Not wanting to short change any of you, I made a courtesy lap around the gallery to ensure I had not missed anything — and boy, I did. I struck gold, or at least gold leaf, with Sandra Langston’s charcoal sketch “Tree of Souls.” I turned the corner while I was making my way through the gallery and it literally stunned me with its, well, soul.
Before I get into this piece, it might be helpful for me to give you a little background on how I fell in love with not art, but art history.
In high school, I was always frustrated by the fact that I never really found my niche in any of my classes or extracurricular activities. Then, my senior year I took Advanced Placement Art History and it finally clicked. For the first time, I wasn’t just interested in what I was studying; I was enchanted by it — and by other subjects by proxy. After deciding to double major in art history, I took a survey class on modern art, my longtime favorite.
Although the professor was a somewhat kooky woman (in the most fantastic way, I can assure you), she said something that has shaped how I look at art ever since. “The reason so many people hate modern art is that so much of it is just paint splattered on a canvas, just a picture, just hotel art. When you study [modern art], you come to find that the pieces that work have a soul. You can feel them,” she said.

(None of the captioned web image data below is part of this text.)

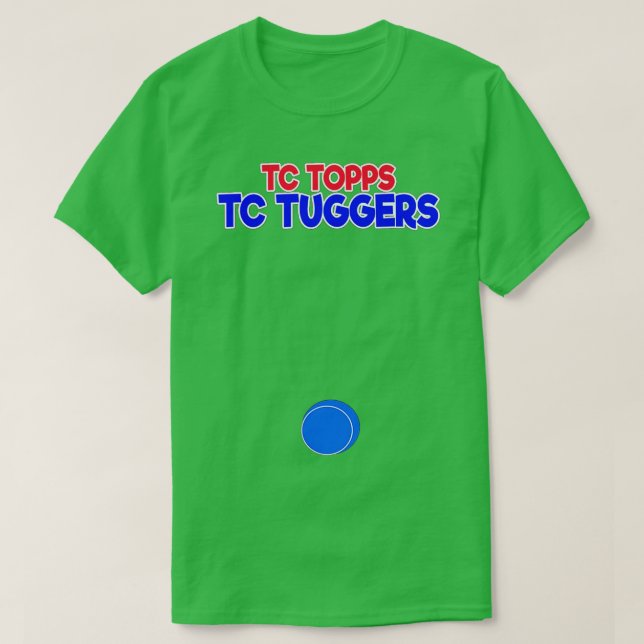 TC Top TC Tuggers designer (Design vorne)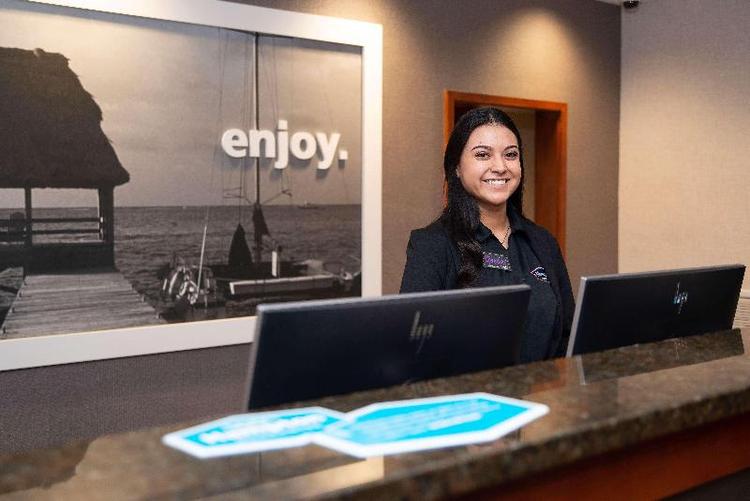 Hampton Inn & Suites Jacksonville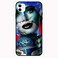Theodor - Apple iPhone 12 Mini 5.4 inch Case Crazy Girl Flexible Silicone Cover
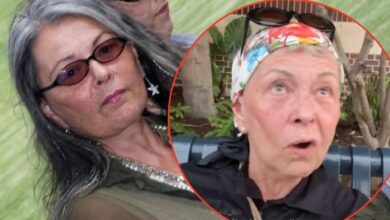 Roseanne Barr faces adversity after being kicked out of her granddaughter's recital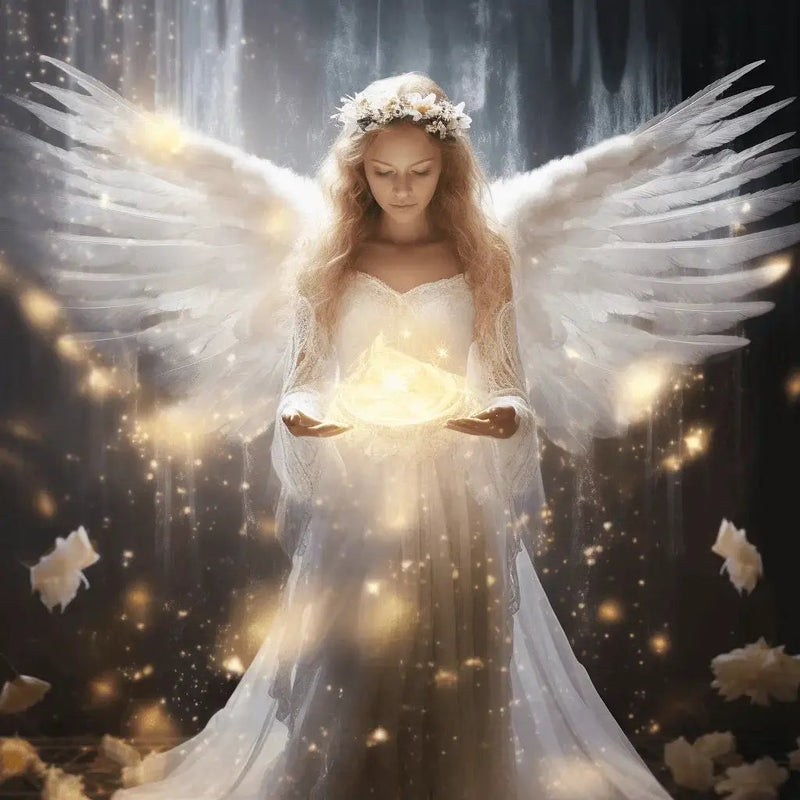 Angels Meditation & Ritual Course: Embrace Angelic Wisdom | Brahmatells by Brahmatells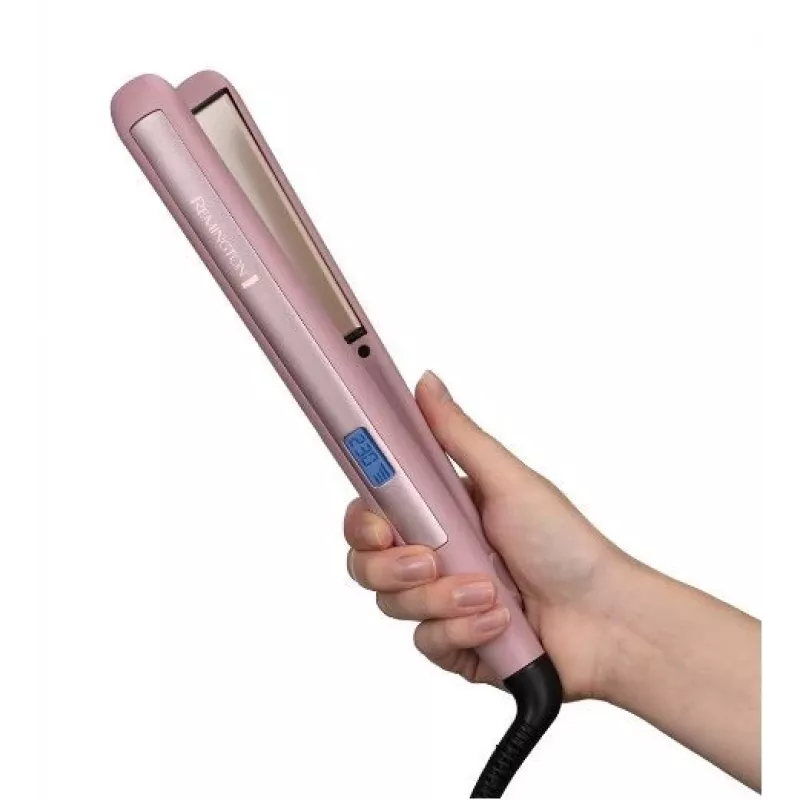Remington S5901 - suoristusrauta - lämmin - painikkeet - 230 °C -...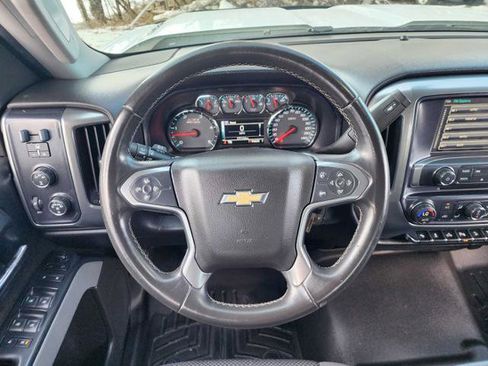 Used 2015 Chevrolet Silverado 2500 LT w/ Z71 Package, Off-Road image 21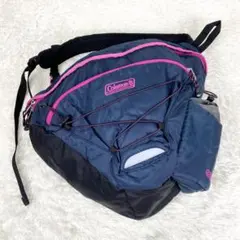 コールマン メッセンジャーバッグ archive y2k カーキ　グレー コールマン メッセンジャーバッグ archive y2k カーキ グレー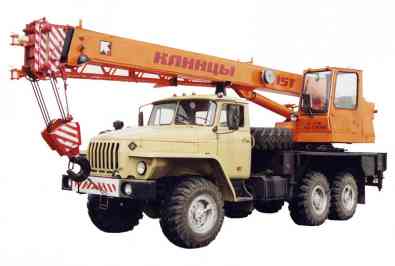 Галичанин КС-35719-3-02 «Клинцы», Галичский автокрановый завод (Галичанин) Галичанин КС-35719-3-02 «Клинцы», Галичский автокрановый завод (Галичанин)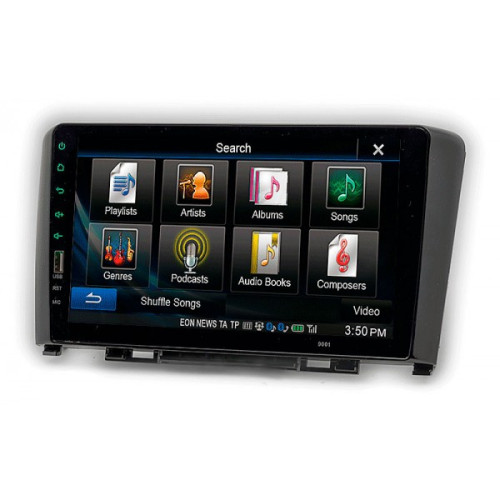 Sistem multimedia audio BORD 22-381: 9-inch HAVAL H6 2013-2020 - N10Pro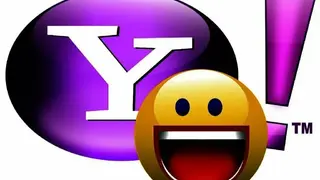 Yahoo Messenger screenshot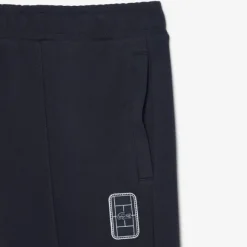 TRACK TROUSERS MALE ADULT KNIT
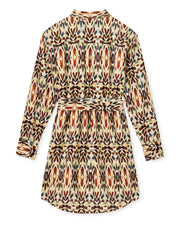CARTOLINA Kaleidoscope Melody Dress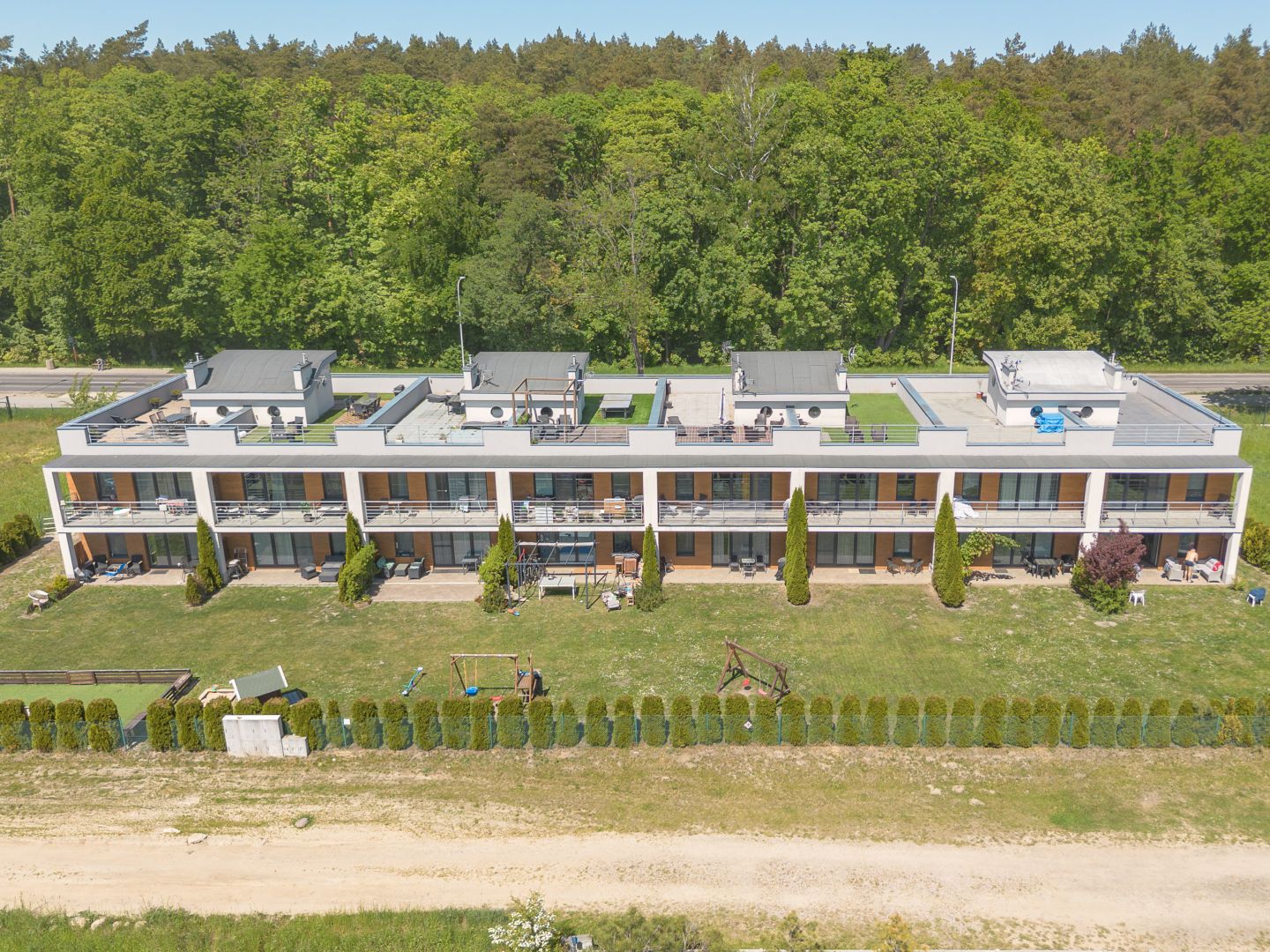 Mieszkanie nad morzem - świetna inwestycja - Mieszkanie - Sprzedaż - Gdańsk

And with that, we can now move into this week’s piece. “Tree of Souls” caught my eye because it was so different from the rest of the pieces on display. In a gallery of colorful paintings and mixed media installations, the black and white sketch is a clear departure from the rest of the art in their Summer Group Show. The gold leaf painted on the wispy, energetic tree leaves, however, gives it the ethereal quality that draws you in.
Langston, originally from Austin, currently lives in the middle of an olive grove in Southern Italy. Although these groves consist of dozens of streamlined rows of thin trees, every once in a while, you will find an olive tree that is centuries old. These behemoths are incredibly thick and gnarly, showing a sort of individual character that can’t be found in the groves.
The artist was struck by how much life you could see in a tree such as this. It seems as though she is showing the soul of the tree or perhaps even the souls which the tree has experienced over the years. Either way, the golden leaves give it a hint of magic that immediately makes my mind go to childhood nature movie favorites such as “Pocahontas” and “Fern Gully.” Just wait before you roll your eyes.
Think of a time when something in nature really struck you or touched you in some way. If you haven’t, go to a park and close your eyes or something. Think about the trees rustling lightly and that hint of breeze brushing over your shoulder as you look up through the branches and see golden gleams of sun (much like the piece’s golden leaves) shining through the leaves. It’s not just a view. It’s a feeling, and it’s a feeling Langston has captured in her drawing.
Has a work of art ever given you that sort of experience?